Collection entries:
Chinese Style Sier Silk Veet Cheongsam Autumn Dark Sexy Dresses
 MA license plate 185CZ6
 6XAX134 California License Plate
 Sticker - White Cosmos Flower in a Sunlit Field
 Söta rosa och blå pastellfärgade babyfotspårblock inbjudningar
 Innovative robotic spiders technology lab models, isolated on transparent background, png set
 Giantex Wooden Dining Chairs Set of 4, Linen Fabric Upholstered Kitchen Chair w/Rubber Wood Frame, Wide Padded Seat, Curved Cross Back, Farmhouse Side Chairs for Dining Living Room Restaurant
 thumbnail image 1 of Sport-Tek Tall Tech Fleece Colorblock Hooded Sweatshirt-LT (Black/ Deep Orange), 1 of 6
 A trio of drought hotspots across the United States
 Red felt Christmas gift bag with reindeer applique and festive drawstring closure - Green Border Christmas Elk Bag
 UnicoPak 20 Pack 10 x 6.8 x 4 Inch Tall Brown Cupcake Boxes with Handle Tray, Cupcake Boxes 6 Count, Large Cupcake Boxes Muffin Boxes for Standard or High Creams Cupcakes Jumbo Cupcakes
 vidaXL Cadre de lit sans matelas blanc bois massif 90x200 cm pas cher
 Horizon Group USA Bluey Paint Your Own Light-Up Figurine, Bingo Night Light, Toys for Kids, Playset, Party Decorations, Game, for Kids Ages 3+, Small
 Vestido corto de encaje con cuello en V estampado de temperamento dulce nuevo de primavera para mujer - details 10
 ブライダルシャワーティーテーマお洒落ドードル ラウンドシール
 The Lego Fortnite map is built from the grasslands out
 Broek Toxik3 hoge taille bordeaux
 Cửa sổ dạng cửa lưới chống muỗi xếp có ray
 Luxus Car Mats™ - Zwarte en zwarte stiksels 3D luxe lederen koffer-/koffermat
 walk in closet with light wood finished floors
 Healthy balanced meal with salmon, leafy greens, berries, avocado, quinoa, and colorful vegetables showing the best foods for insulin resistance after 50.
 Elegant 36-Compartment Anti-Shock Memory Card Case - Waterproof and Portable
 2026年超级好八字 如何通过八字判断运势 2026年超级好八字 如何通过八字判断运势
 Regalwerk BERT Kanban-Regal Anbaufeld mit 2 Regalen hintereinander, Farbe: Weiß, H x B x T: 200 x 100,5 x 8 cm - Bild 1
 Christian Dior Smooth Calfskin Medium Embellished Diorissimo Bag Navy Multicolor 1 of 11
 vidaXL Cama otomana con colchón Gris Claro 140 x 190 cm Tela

Task to complete →
Retype the portion of the data above that starts on the line with "Söta rosa och" and finishes on the line with "Innovative robotic spiders", including both of those lines.

Answer to this task →
 Söta rosa och blå pastellfärgade babyfotspårblock inbjudningar
 Innovative robotic spiders technology lab models, isolated on transparent background, png set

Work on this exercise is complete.